No episódio final da temporada de inverno de Scandal, que foi ao ar 19 de novembro, os espectadores acompanharam uma história que veio do nada e desapareceu tão do nada quanto. Após um episódio com o plano de fundo dos recursos da PP em balanço (e, ao contrário do que aconteceu na vida real, no episódio o projeto de lei pela interrupção não passou), o episódio termina com uma cena da protagonista Olivia Pope fazendo um aborto. Como que tentando atrelar com os elementos natalinos do final da temporada de natal, a cena foi formada com a trilha sonora de Silent Night.
Alguns responderam que este episódio é uma corajosa cobertura de um assunto importante. Mas como alguém que passou por um aborto, eu odiei. Eu achei que ele deu a impressão de um retrato despreocupado de uma coisa muito séria pela qual muitas mulheres passam pela experiência, e de uma tática política baixa e barata.

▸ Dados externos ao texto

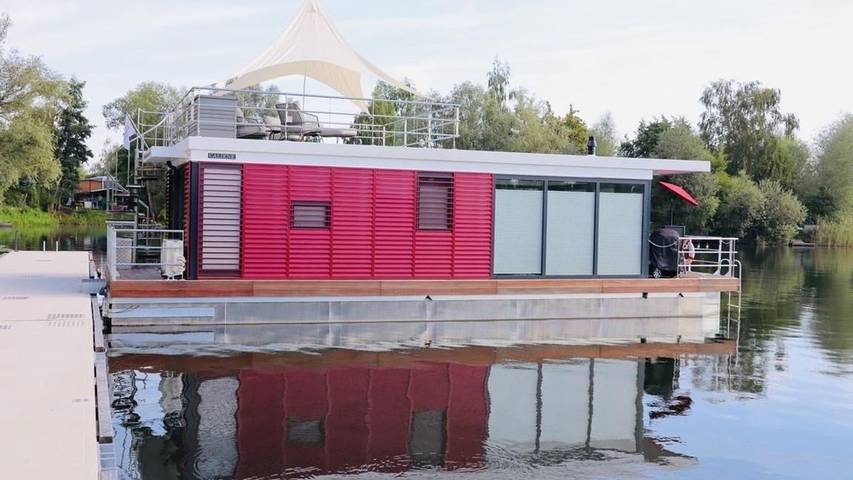 Ferienwohnung für 5 Personen, mit Terrasse und Seeblick in Höxter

Aborto é atualmente parte de nossa cultura, querendo ou não, e assim sendo ela naturalmente será retratada na cultura popular e na TV. Eu assisti a episódios de outras séries de TV que lidaram com o aborto, como Parenthood ou Grey's Anatomy. Eu não tenho problema com o fato de o aborto ter sido retratado em um show do mainstream; o problema é como foi retratado. Eu vejo que o aborto é geralmente retratado como sendo uma decisão fácil, rápida e quase indolor que permite a uma mulher apertar o botão de Pause na sua vida, mesmo que por um momento, e então retomar a vida como se o aborto jamais tivesse ocorrido. O rápido procedimento pelo qual Olivia passou parece expressar que fazer um aborto não é lá grande coisa. Como alguém que esteve numa sala de espera, eu achei o episódio profundamente insensível com mulheres que passaram por um aborto. Claro, cada um tem experiências diferentes, mas o que foi mostrado em Scandal foi completamente diferente de como o aborto é normalmente vivenciado por mulheres, e certamente contrário à minha experiência.

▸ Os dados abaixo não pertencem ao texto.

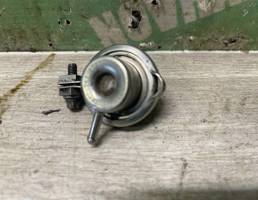 Регулятор давления топлива для Opel Vectra B 1995-1999  запчасти бу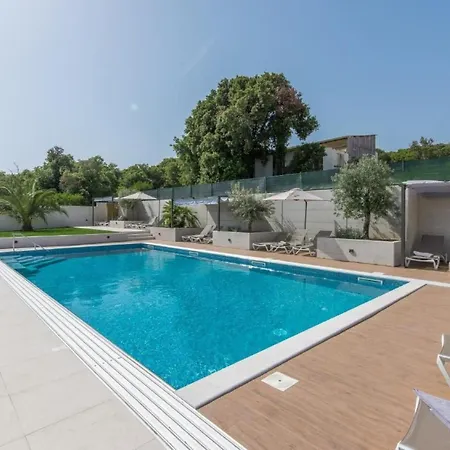 Apartamento In Pjescana Uvala Mit Garten- Grill By Interhome
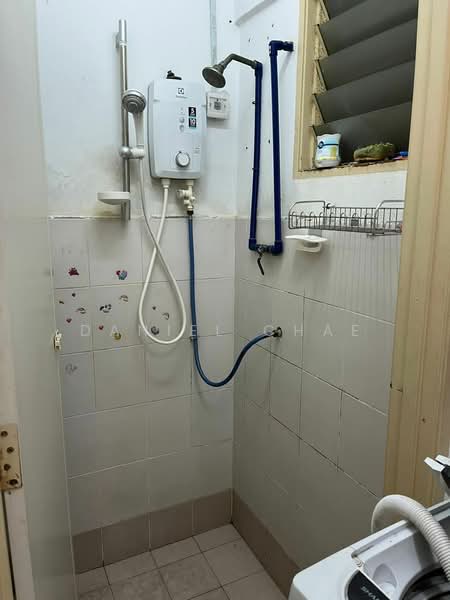 Flat for Rent at Desa Pinang 2 - Daniel Chae - Bathroom - PropertyGuru.com.my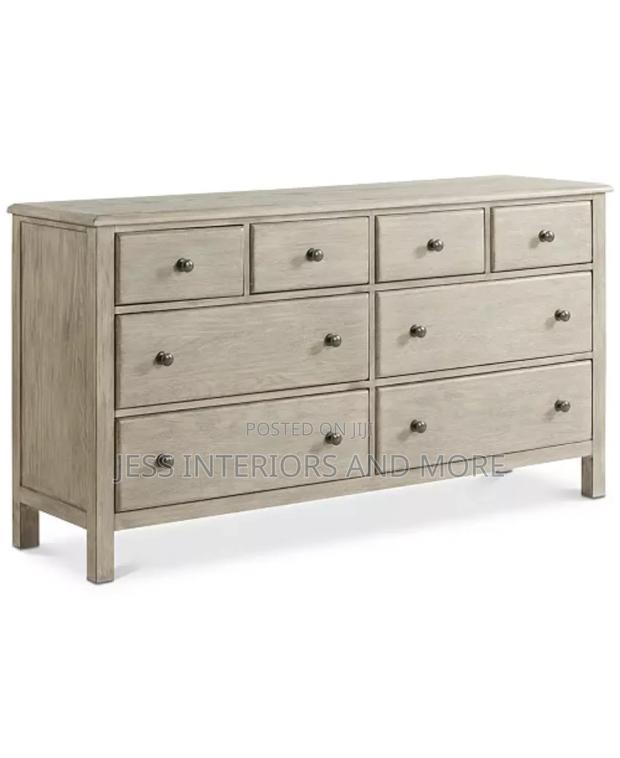 8 Drawer Dresser · Photo 1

Desde meu aborto, eu tenho caminhado uma jornada de cura, mas tem sido uma longa e dura jornada. Algumas vezes eu penso que estou indo bem, e algo acontece; uma imagem, uma palavra, um cheiro, um gatilho. Meu coração acelera, tenho que respirar mais fundo apenas para suportar, tento segurar as lágrimas. Momentos como o desse episódio.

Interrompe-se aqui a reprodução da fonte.